This was the atmosphere in the Reds’ clubhouse. They were good and they knew it. And they could play the game any way you wanted to play. And they could do it better than you could. Bench told Myslenski, “It’s an atmosphere of we’re good. We know it. When it comes time to play, we can play. We don’t spout it. We don’t have to voice our opinions and tell everyone just how good we are. It’s evident. It’s knowing you can rise to any situation, knowing you can accomplish anything. I call it inner conceit.”


Sparky Anderson had a different way of describing it. “Character is a better word than anything. This team has character.”

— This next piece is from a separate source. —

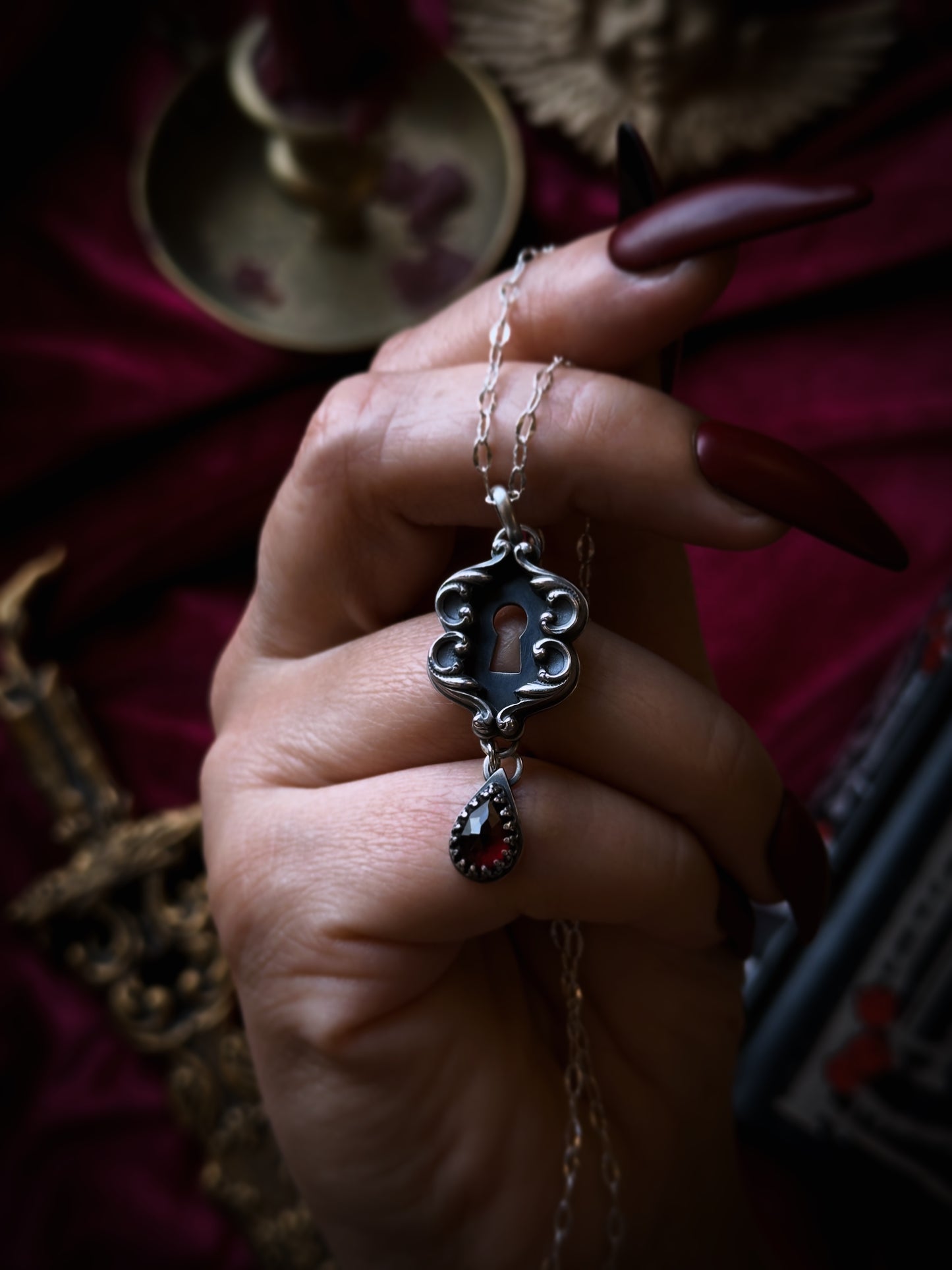 Secrets Kept Necklace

The Reds showed some of that in the first game of the series. But their work was not finished yet. They still had to record two more wins to get the Phillies off their backs. Their next task was facing them on the afternoon of Sunday, October 10, back at the Vet.

*

The second game of this series was played in front of an LCS-record Veterans’ Stadium crowd of 62,651 and was like a multi-act play. There were a few little fireworks in the first half, some exceptional pitching and then a single play that emerges like an explosion and then it all works to a seemingly inevitable conclusion, however satisfying (or unsatisfying) it may have been, depending on what team you might have been cheering for.

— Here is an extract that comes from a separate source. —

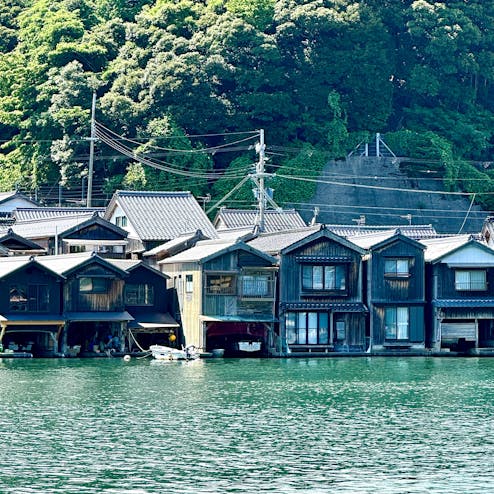 伊根の舟屋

The game started with both pitchers, Jim Lonborg for the Phillies and Pat Zachry for Cincinnati, putting up zeroes in the first inning. Lonborg repeated that in the second, blanking the Reds. Zachry couldn’t do the same for his team though. Consecutive singles by Dick Allen, Jay Johnstone and Bob Boone to lead off the Phillies second inning gave Lonborg a 1-0 lead. He took care of the Reds…for a while.


To be accurate, Lonborg was amazing through the first five innings, allowing just a first inning walk to Ken Griffey. That was it. He carried a no-hitter into the sixth. In the meantime, his left fielder, Greg Luzinski helped him out with a solo bomb into the upper deck – the fifth deck – in left field for an insurance run, to give his Phils a 2-0 cushion after five complete frames. In the history of the stadium to that point, only 19 homers had reached that fifth deck. Five of those were hit by Luzinski.

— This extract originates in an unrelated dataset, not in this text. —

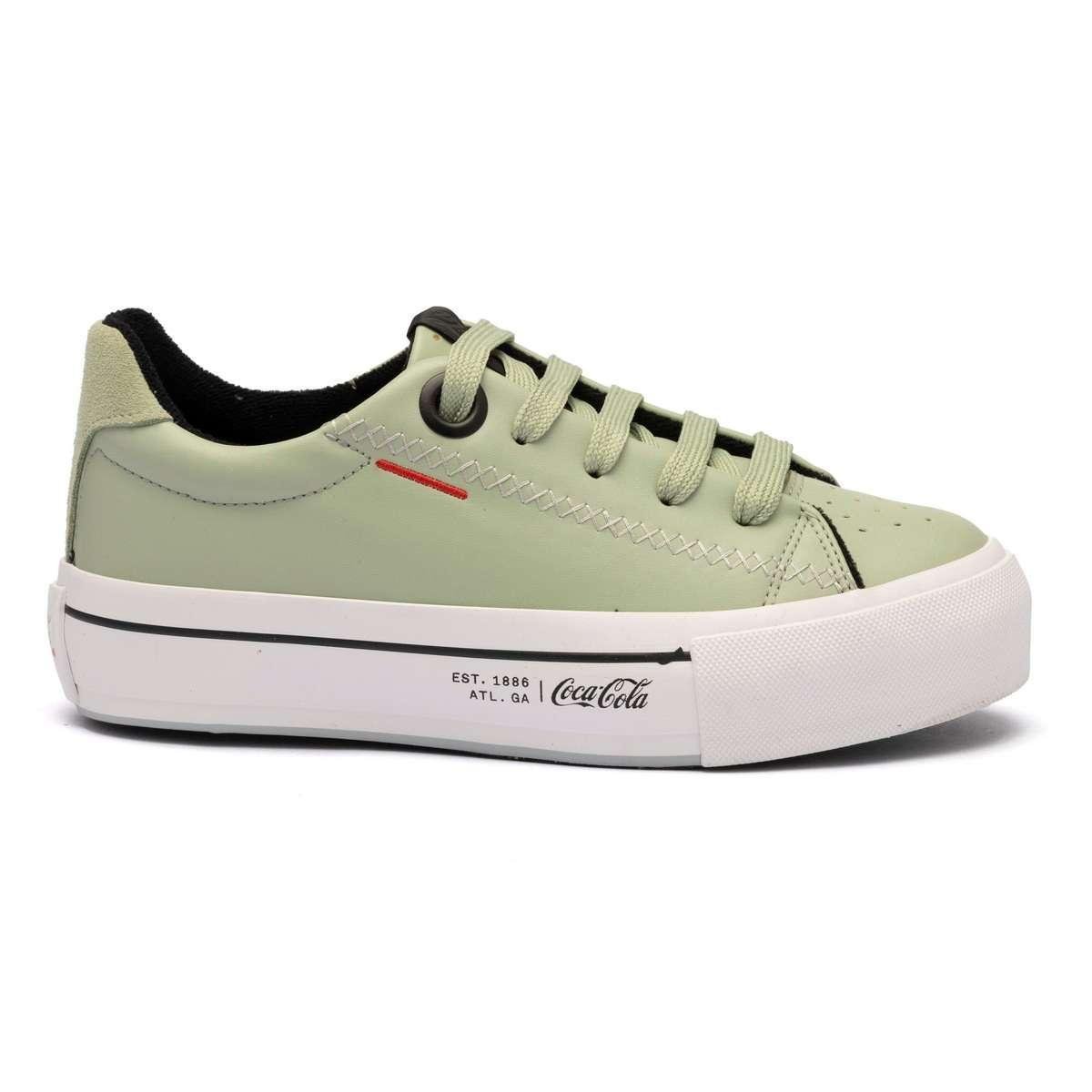 Casas Bahia Tenis Coca Cola X58 Top Tenis Branco Feminino Da Coca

By this time, many in the Veterans’ Stadium crowd must have been feeling quite content, seeing their team leading by a pair of runs and their pitcher absolutely cruising, having retired fourteen straight Reds’ hitters. The first man for Cincy in the top of the sixth was their eighth-place hitter, the shortstop, Dave Concepcion. Concepcion last stepped to the plate in the top of the third and he grounded out to Bowa at short. This time, he worked Lonborg for a walk.


The next scheduled batter was the pitcher, Pat Zachry. Anderson sent Dan Driessen to hit for him. Driessen struck a ground ball to the right side. Dave Cash got the ball and tossed over to Allen at first for the initial out of the inning. Pete Rose was the next man up for the Reds, and he walked up to the now traditional chorus of boos from the Philly fans.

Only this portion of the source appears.